WHILE increased attention is being given to child prostitution, the trade in young lives still thrives in many parts of the world, blighting the futures of both individuals and nations.

Too often this activity is winked at by local authorities, some of whom patronize the brothels, or benefit from them financially. A report in the July-August edition of World Watch magazine describes the ``sex tourism'' industry of Southeast Asia, which grew out of the ``rest and relaxation'' stations of the Vietnam War era.

Sadly, numbers are on the rise. When this newspaper investigated child prostitution in 1987 as part of its ``Children in Darkness'' series, Thailand was thought to have 40,000 child prostitutes. World Watch now estimates Thailand has 800,000 child prostitutes. In addition, India has 400,000, and the Philippines 60,000. World Watch sets numbers in Brazil between 250,000 and 500,000.

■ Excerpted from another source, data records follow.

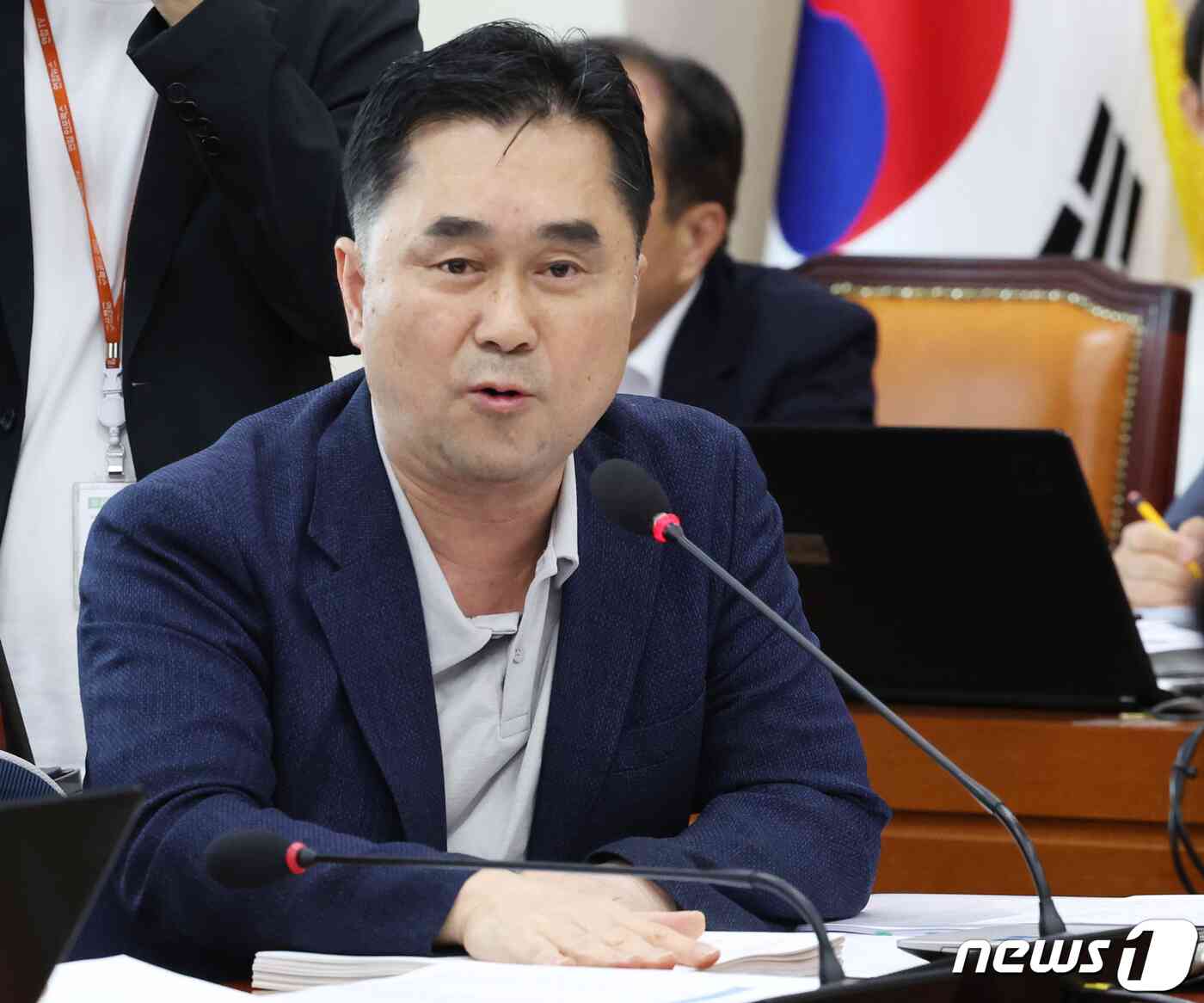 김종민 국회 정무위 더불어민주당 간사가 4일 오후 서울 여의도 국회에서 열린 정무위원회 전체회의에서 발언 하는 모습. 2023.9.4/뉴스1 © News1 송원영 기자
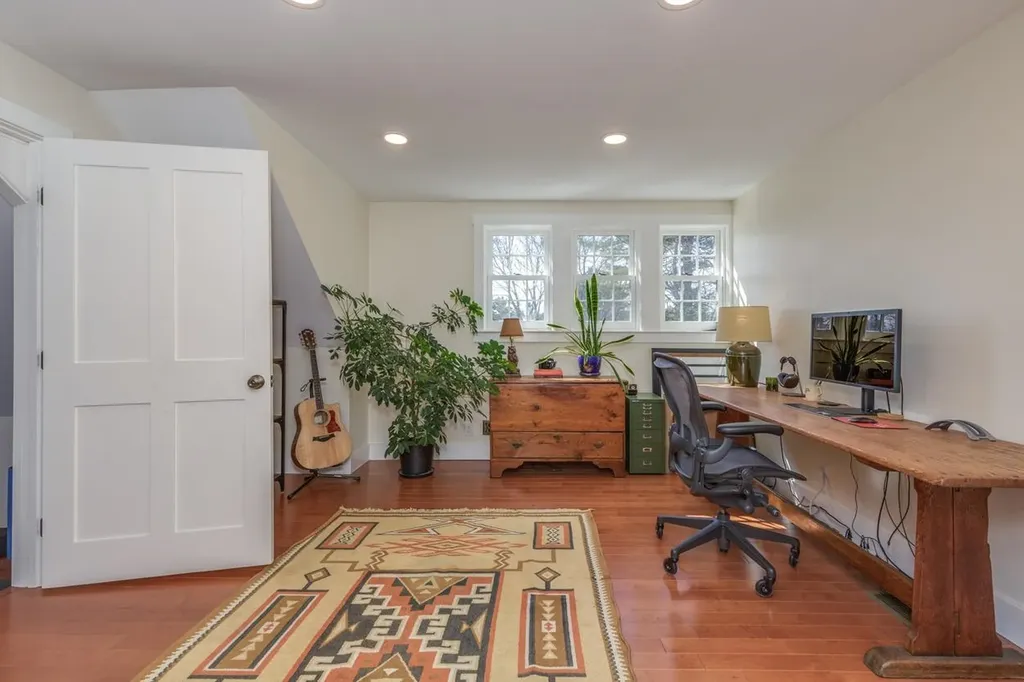21 Gould Hill Road Hopkinton NH 03229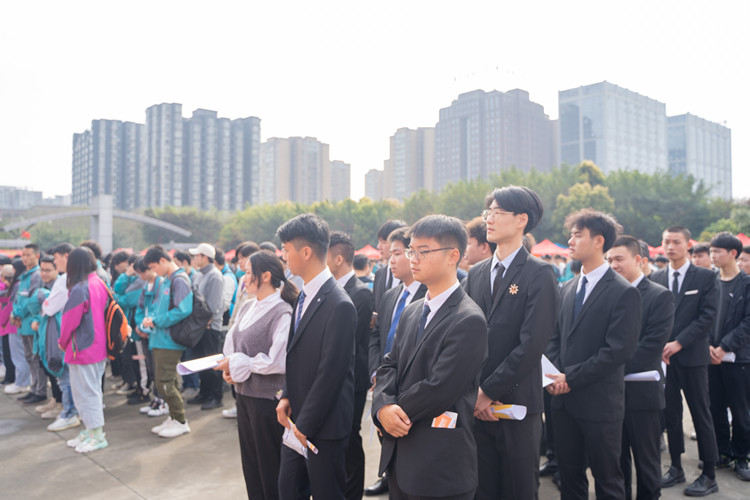 職教領(lǐng)域重磅文件發(fā)布！職業(yè)本科與普通本科學(xué)位證書具有同樣效力！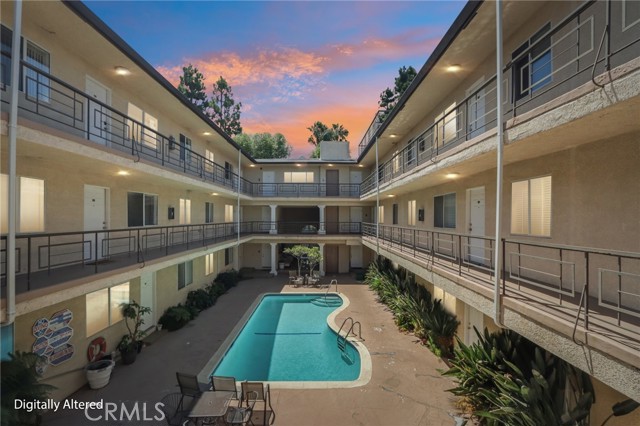 4358 Mammoth Avenue, 14 photo 29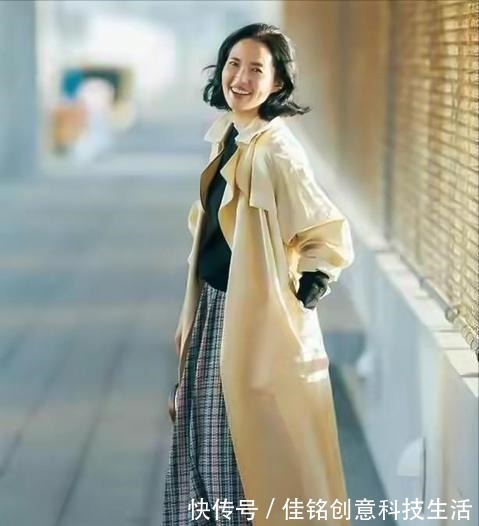 颜色 人民币配色火了!40+女性入秋穿衣就照着它搭配,温柔更显气质!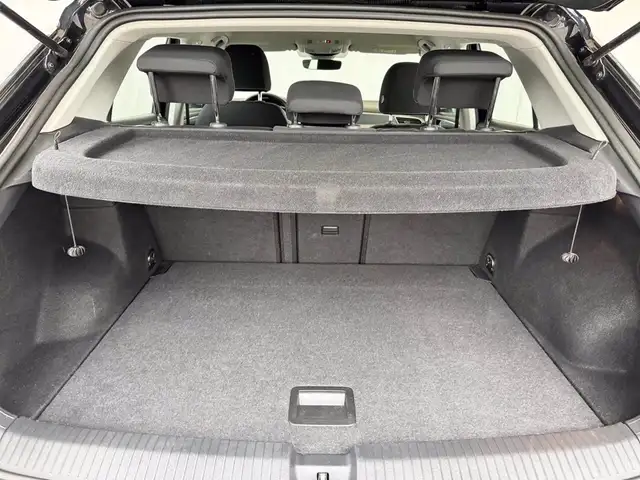 Volkswagen T-Roc view 13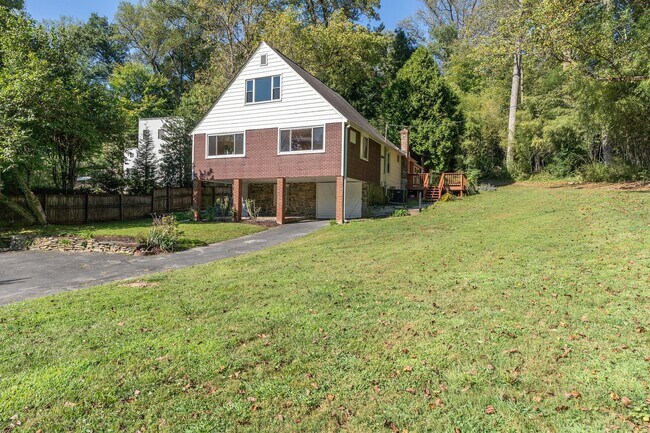 Building Photo - 6221 Walhonding Rd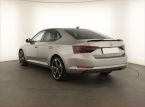 Škoda Superb - fotka číslo 3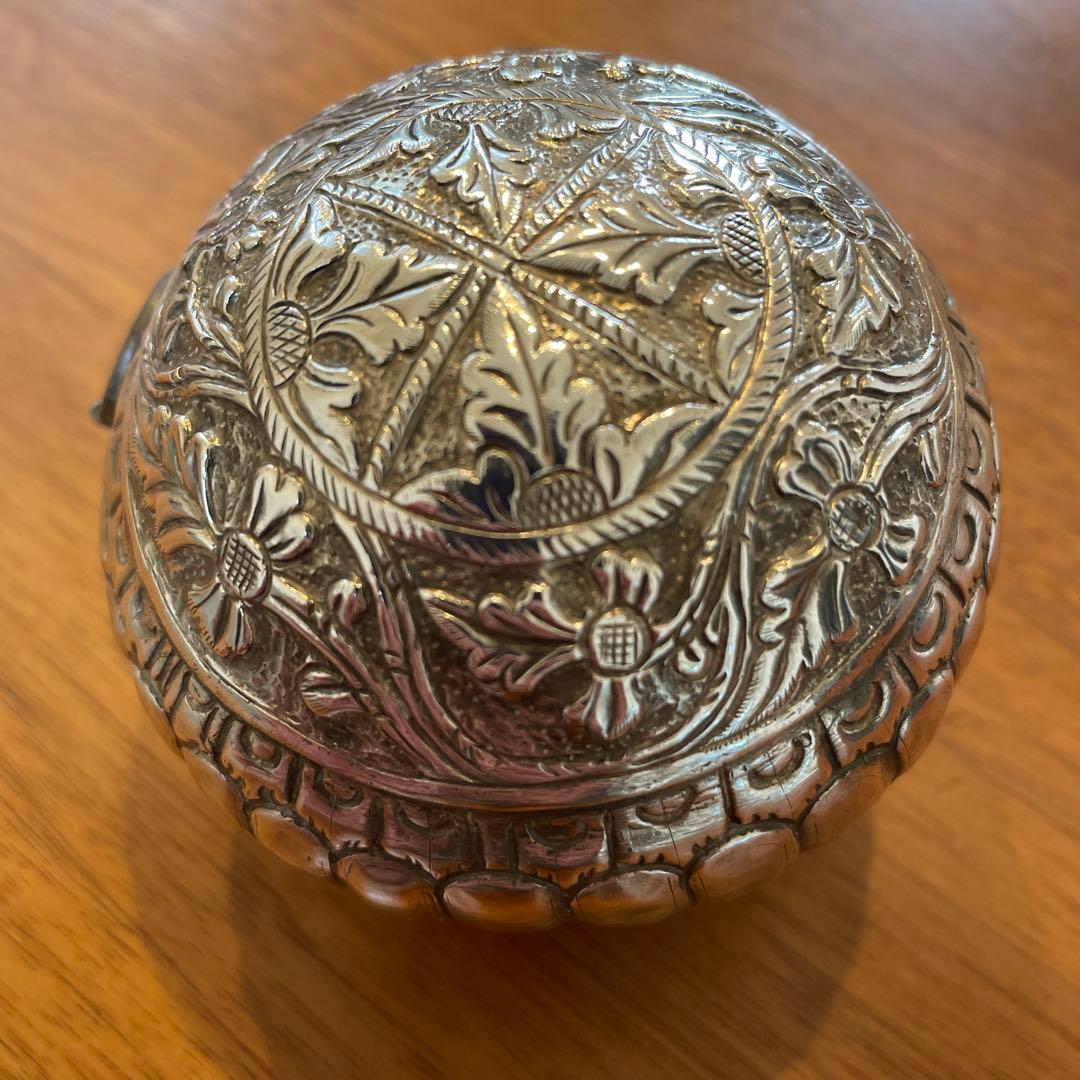 フローレス島 古民具 銀製噛みタバコ用具ガンビル入れ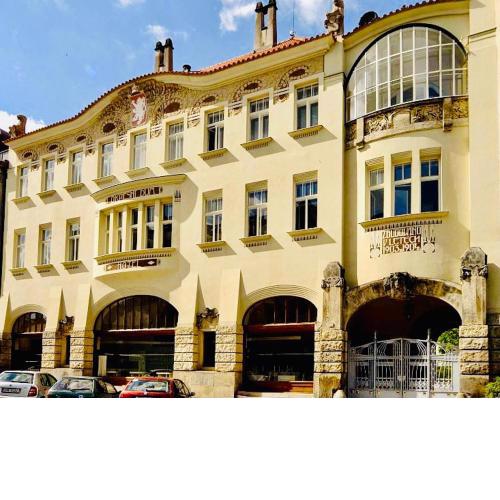 Hotel Okresní Dům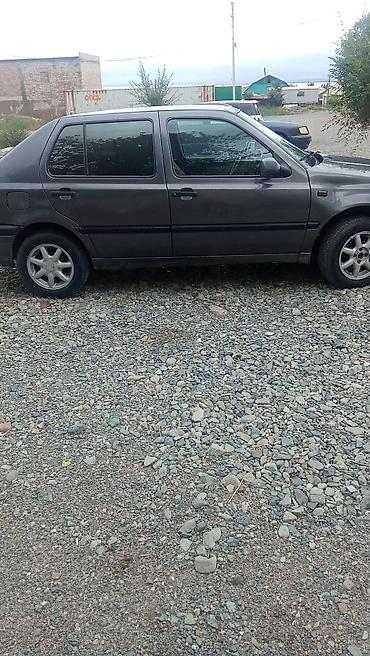 клапан приточный: Volkswagen Vento: 1993 г., 1.8 л, Механика, Бензин, Седан — 1
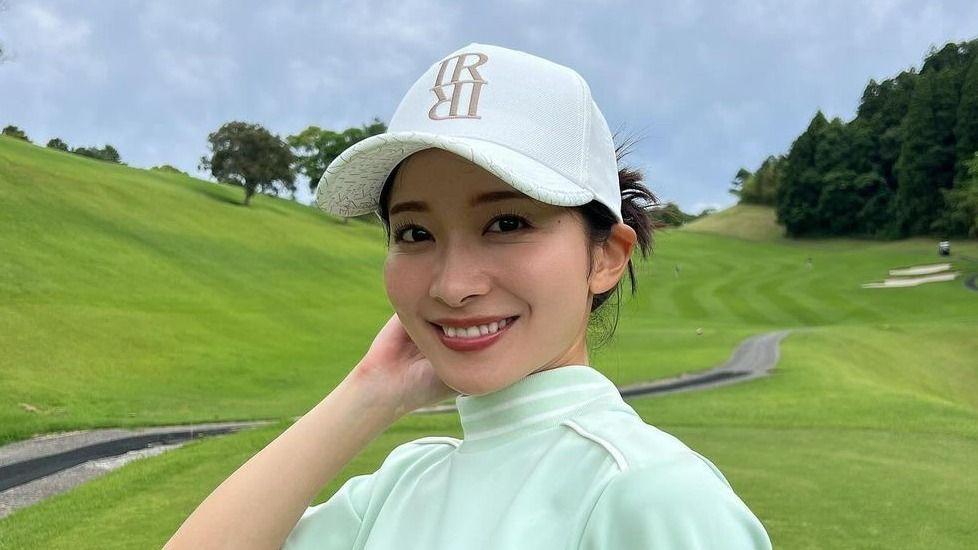 「スタイル良すぎ」山本里菜アナがキュートすぎる白ミニスカのゴルフウェア姿を公開 ファンから絶賛の声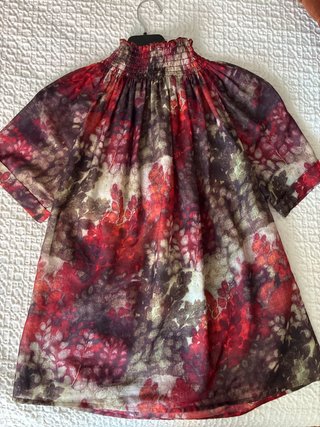Blusa Adolfo Dominguez cuello alto manga corta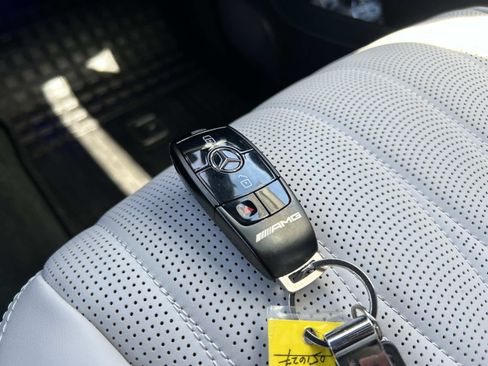 Used 2025 Mercedes-Benz G 63 AMG 4MATIC image 35
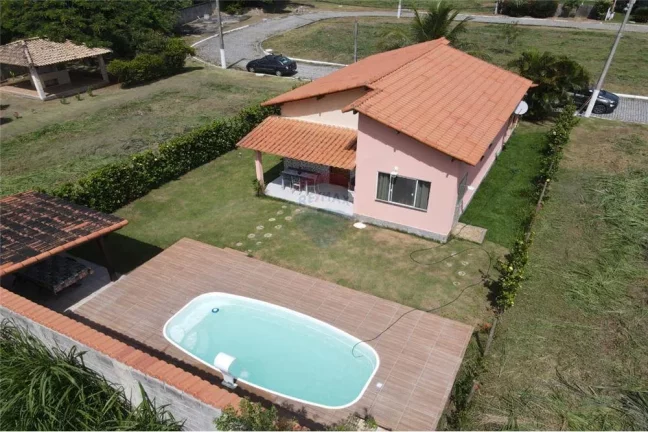 Imagem Casa de dois dormitórios em condomínio fechado em Itaipuaçu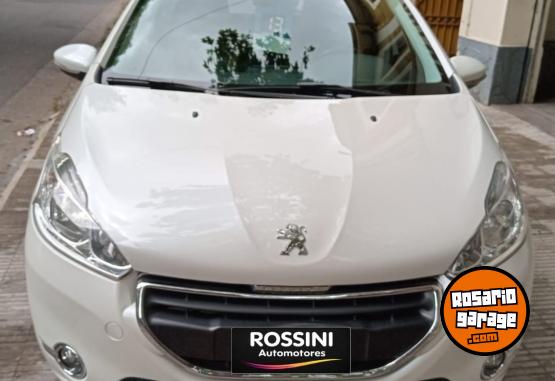 Autos - Peugeot 208 2013 Nafta 130000Km - En Venta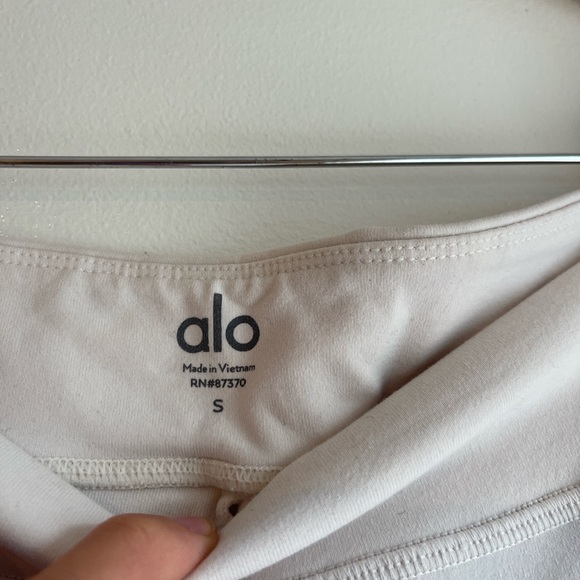 Alo Yoga High Waist Flutter Legging in Ivory - small - Picture 2 of 4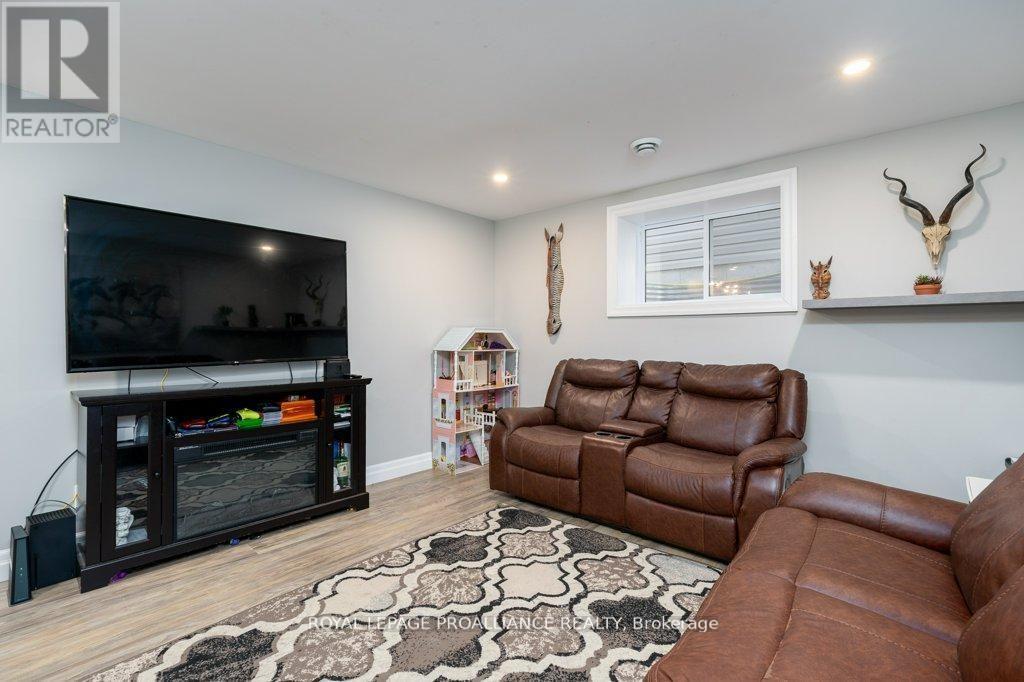 50 Stonegate Crescent, Quinte West, Ontario  K0K 2C0 - Photo 26 - X12894650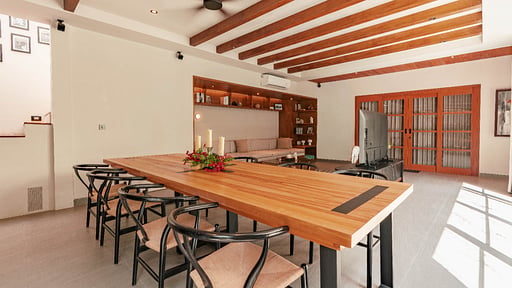 Villa Tiga The Urban Retreat Dining area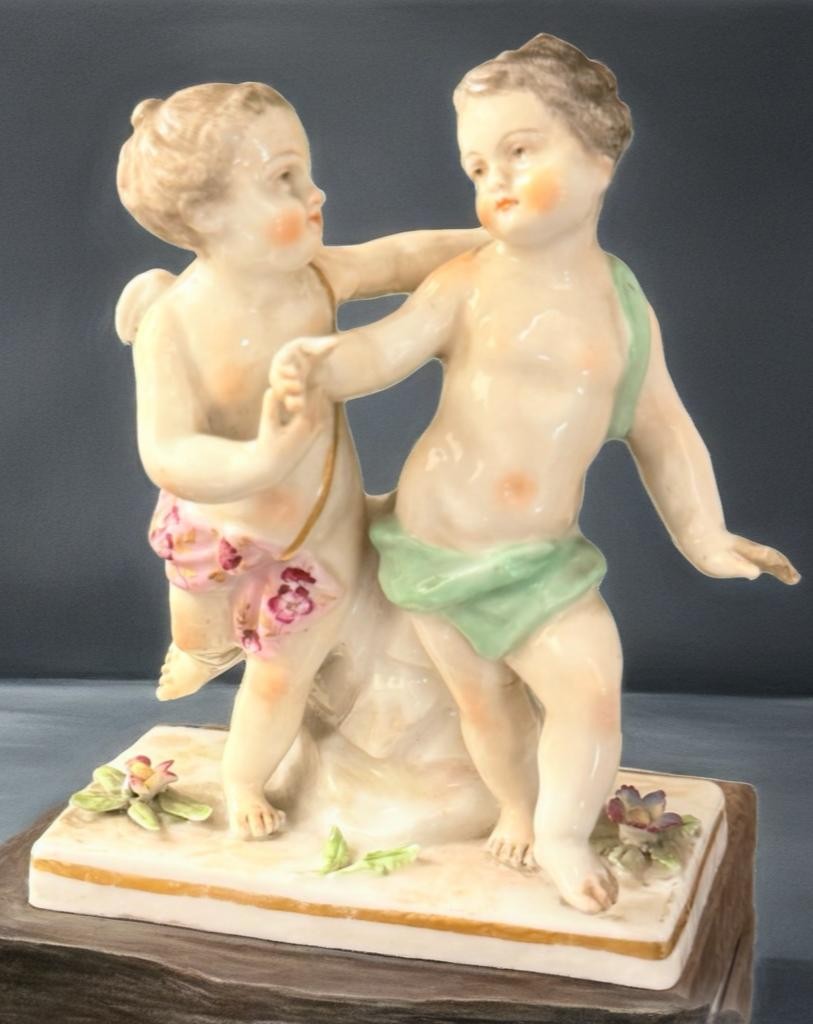 A Group Of Cupids In French Porcelain From The Samson Factory.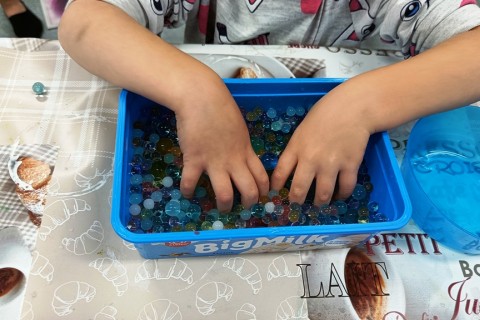 Bawmy się razem - zabawy sensoryczne dla rodziców z dziećmi w wieku 4-5 lat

International efforts to mobilize against child prostitution are underway. Branches of the United Nations are drafting new agreements to counter the sex trade. Thailand's government, which is publicly committed to fight the exploitation of children, has joined with the UN to set up a Center to Prevent and Suppress Child Prostitution and Labor Abuses. The UN Convention on the Rights of the Child, which is still in the process of being ratified by member nations (the United States is one holdout), makes states responsible for protecting children from sexual exploitation.

A number of countries - including Germany, Norway, and Sweden - have laws to punish citizens who engage in sexual acts with minors abroad. An Australian law passed in June provides for up to 17 years in prison for such an offense. The crime bill currently stalled in Congress includes a measure that would broaden the current US ban on interstate traffic in child prostitution or pornography to include sexual exploitation overseas.

Whether such efforts can move past pleasing rhetoric is the question.

Private groups, such as End Child Prostitution in Asian Tourism, which has a New York branch, also are active in publicizing the problem and campaigning for political action.

Momentum should grow to wipe out this abhorrent trade in human lives. Government action is needed, and so is individual action, not least the rejection of what some campaigners against child prostitution call ``geographic morality'' - the willingness to do something in a foreign land one wouldn't do at home.